*** TASK INPUTS ***

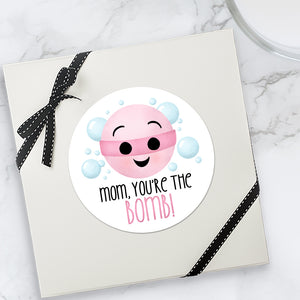 Mom, You're The Bomb (Bath Bomb) - Stickers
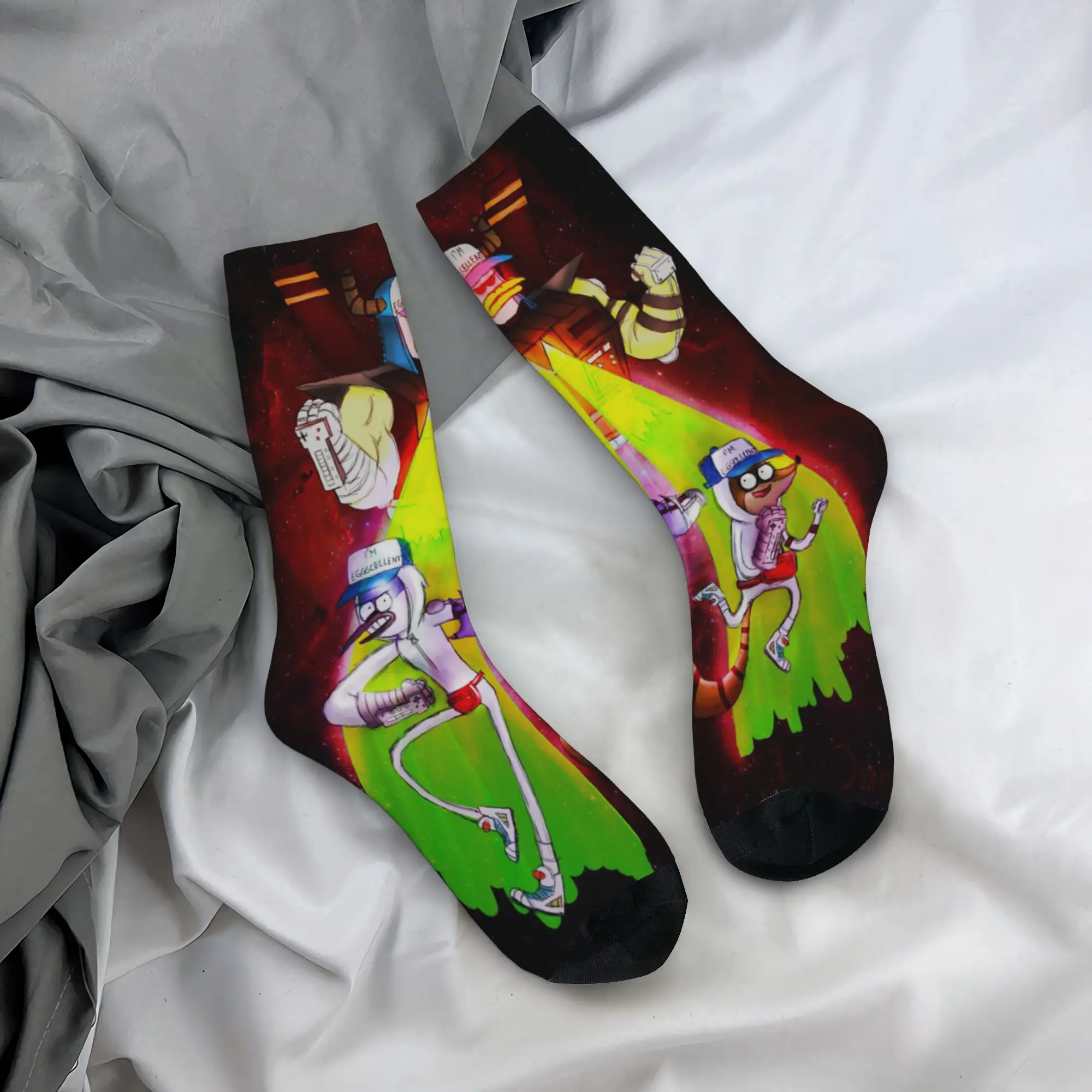 Unisex Mordecai And Rigbys Regulars Shows Socks Cute Casual  Socks Novelty Merch Middle Tube Stockings Amazing Gift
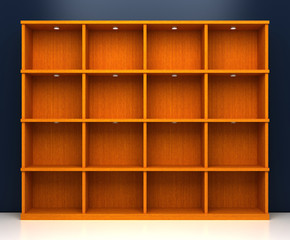 Empty shelf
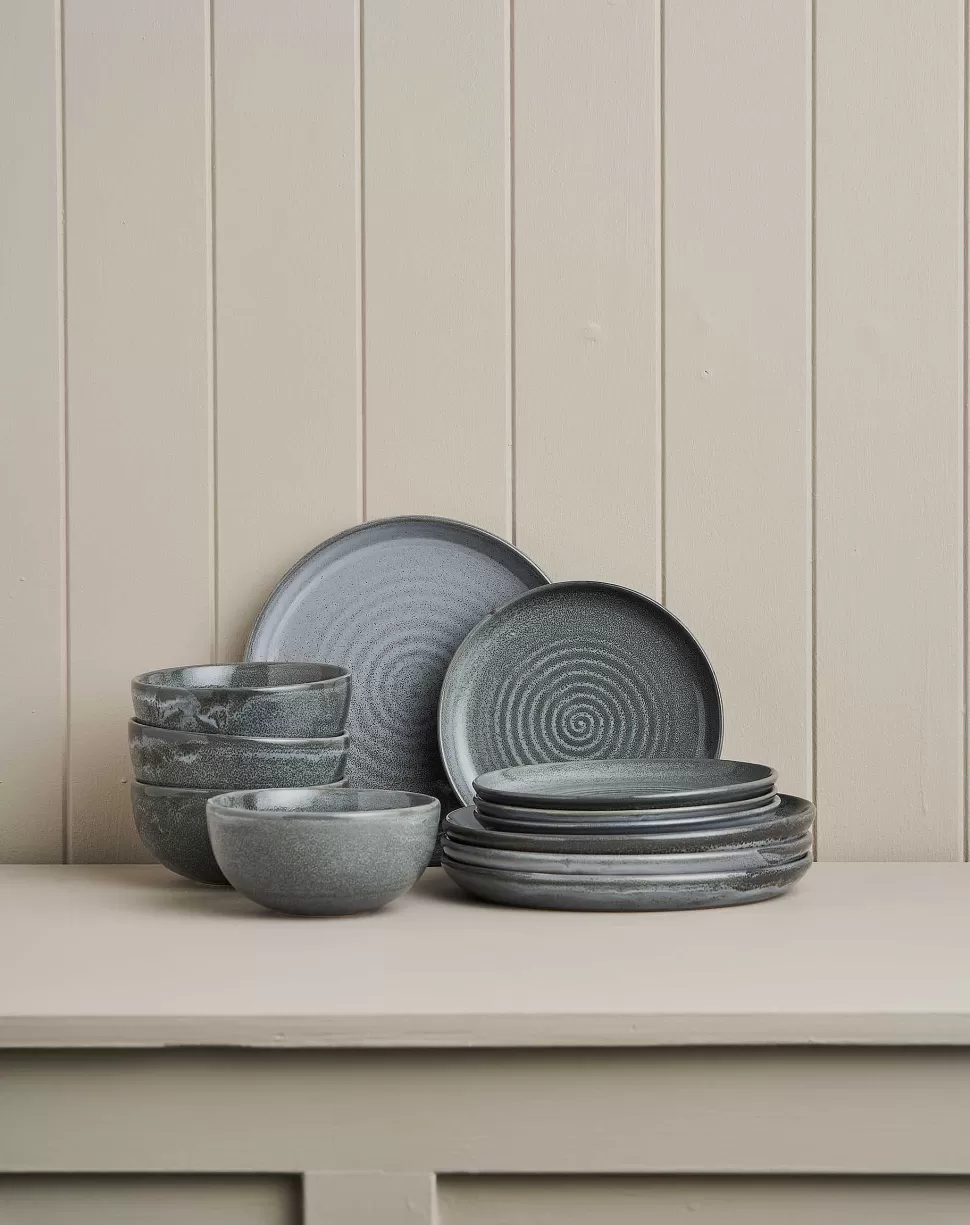 Dinner Sets-Robert Gordon 12Pc Small Portions Terra Dinner Set / Storm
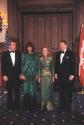 C27762-8  President and Nancy Reagan with Prime Minister Brian Mulroney and his wife Mila in Qu…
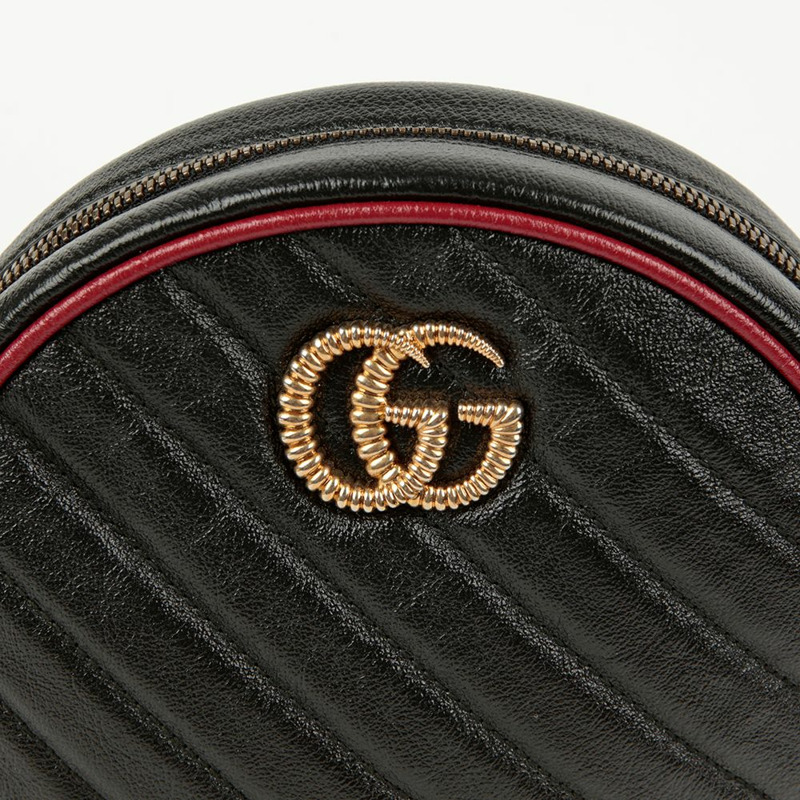 GUCCI 550154 Marmont 迷你圓形單肩斜背包-2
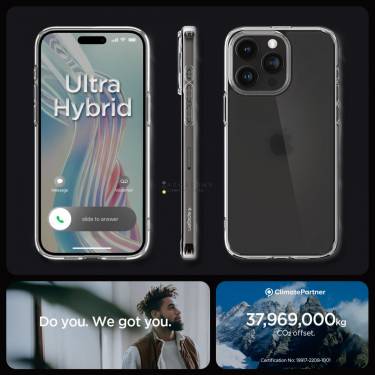 Spigen iPhone 15 Pro Max Case Ultra Hybrid Frost Clear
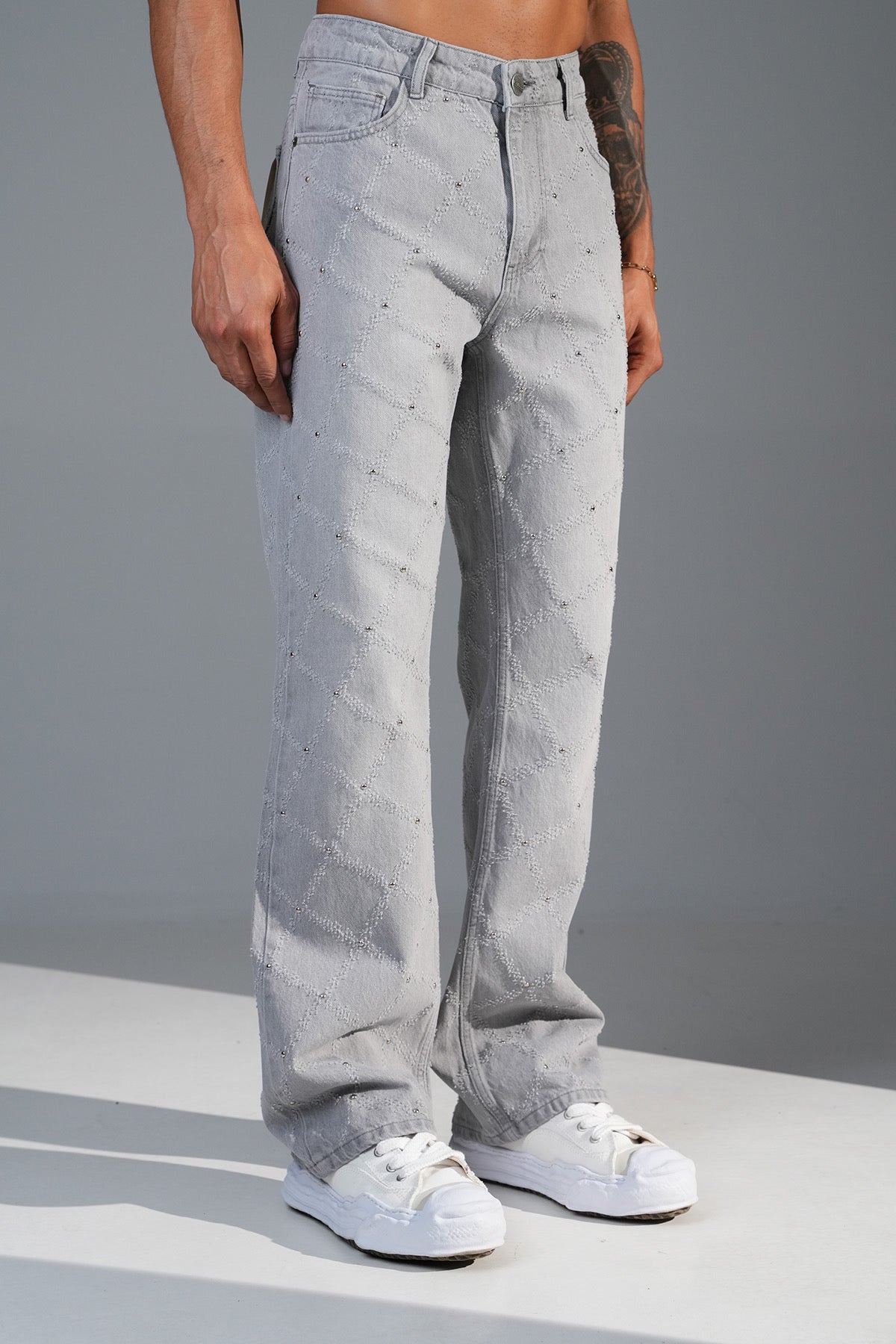 Flaired Karo Grey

*** End of TASK INPUTS ***

▶ **EXERCISE DESCRIPTION**
Transcribe exactly the lines from the one holding "Dinner Sets-Robert Gordon" through the final line of the material above, both ends included; any pictures should be dropped.

▶ **SOLVED EXERCISE**
 Dinner Sets-Robert Gordon 12Pc Small Portions Terra Dinner Set / Storm
 C27762-8  President and Nancy Reagan with Prime Minister Brian Mulroney and his wife Mila in Qu…
 GUCCI 550154 Marmont 迷你圓形單肩斜背包-2
 Spigen iPhone 15 Pro Max Case Ultra Hybrid Frost Clear
 Flaired Karo Grey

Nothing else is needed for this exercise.